*Data to process*
----
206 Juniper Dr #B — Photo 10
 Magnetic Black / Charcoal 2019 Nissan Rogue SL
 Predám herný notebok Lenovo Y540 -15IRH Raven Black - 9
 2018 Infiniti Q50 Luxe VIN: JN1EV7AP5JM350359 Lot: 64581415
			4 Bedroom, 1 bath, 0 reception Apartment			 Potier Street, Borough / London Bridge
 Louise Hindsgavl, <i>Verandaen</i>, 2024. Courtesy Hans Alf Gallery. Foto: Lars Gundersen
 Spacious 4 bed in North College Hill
----
*Exercise goal*
Retype the entries precisely as they stand.

*Answer for the task*
206 Juniper Dr #B — Photo 10
 Magnetic Black / Charcoal 2019 Nissan Rogue SL
 Predám herný notebok Lenovo Y540 -15IRH Raven Black - 9
 2018 Infiniti Q50 Luxe VIN: JN1EV7AP5JM350359 Lot: 64581415
			4 Bedroom, 1 bath, 0 reception Apartment			 Potier Street, Borough / London Bridge
 Louise Hindsgavl, <i>Verandaen</i>, 2024. Courtesy Hans Alf Gallery. Foto: Lars Gundersen
 Spacious 4 bed in North College Hill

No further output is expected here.